Fractional flow reserve measurement using dynamic CT perfusion imaging in patients with coronary artery disease

Radiol Adv. 2024 Nov 25;1(4):umae031. doi: 10.1093/radadv/umae031. eCollection 2024 Oct.

Abstract

Purposes: The objective was to evaluate the accuracy of a novel CT dynamic angiographic imaging (CT-DAI) algorithm for rapid fractional flow reserve (FFR) measurement in patients with coronary artery disease (CAD).

Materials and methods: This retrospective study included 14 patients (age 58.5 ± 10.6 years, 11 males) with CAD who underwent stress dynamic CT myocardial perfusion scanning with a dual-source CT scanner. The included patients had analyzable proximal and distal coronary artery segments adjacent to the stenosis in the perfusion images and had corresponding invasive catheter-based FFR measurements for that stenosis. An in-house software based on the CT-DAI algorithm was used to compute FFR using the pre- and post- lesion coronary time-enhancement curves obtained from the stress myocardial perfusion images. The CT-DAI derived FFR values were then compared to the corresponding catheter-based invasive FFR values. A coronary artery stenosis was considered functionally significant for FFR value <0.8.

Results: The CT-DAI derived FFR values were in agreement with the invasive FFR values in all 15 coronary arteries in 14 patients, resulting in 100% per-vessel and per-patient diagnostic accuracy.
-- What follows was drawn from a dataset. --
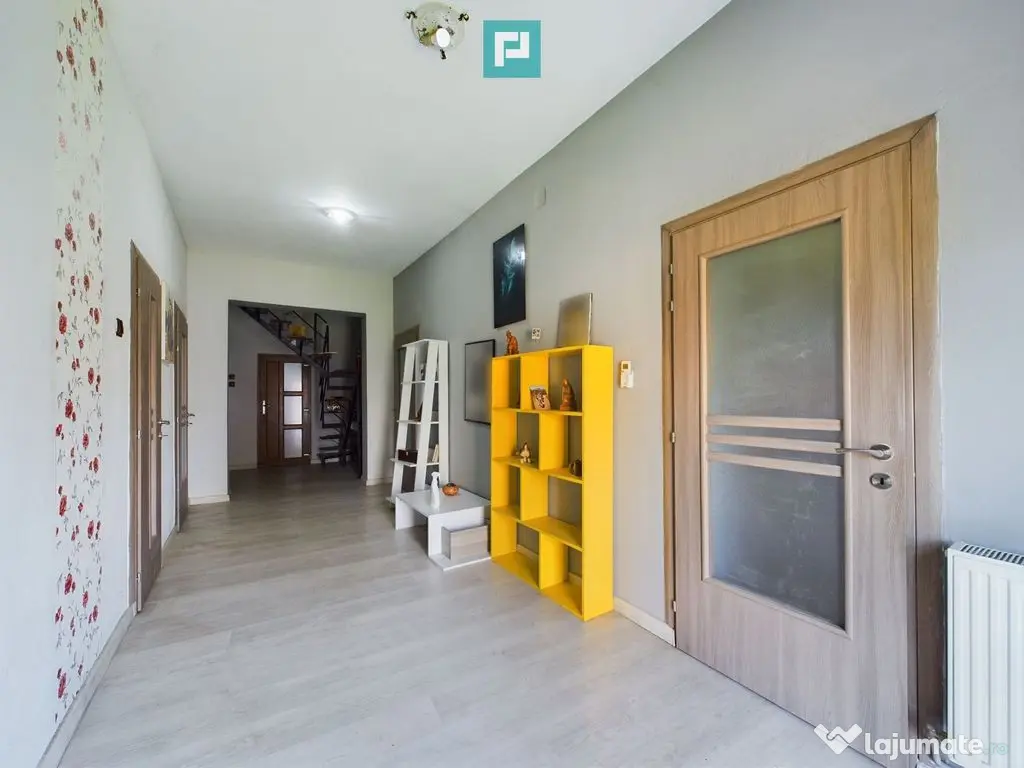 Proprietate multifuncțională într-o locație Centrală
FFR derived using CT-DAI (M = 0.768, SD = 0.156) showed an excellent linear correlation (R = 0.910, P < .001) and statistical indifference (P= .655) with that measured using invasive catheter-based method (M = 0.796, SD = 0.149). Bland-Altman analysis showed no significant proportional bias.
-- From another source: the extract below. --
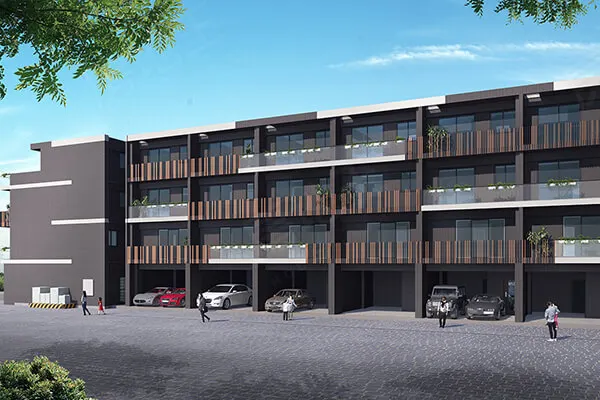 高鐵名邸2建案主視覺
Conclusion: The novel CT-DAI algorithm can reliably compute FFR across a coronary artery stenosis directly from dynamic CT myocardial perfusion images, facilitating rapid on-site hemodynamic assessment of the epicardial coronary artery stenosis in patients with CAD.

Keywords: coronary artery disease; dynamic CT myocardial perfusion imaging; fractional flow reserve.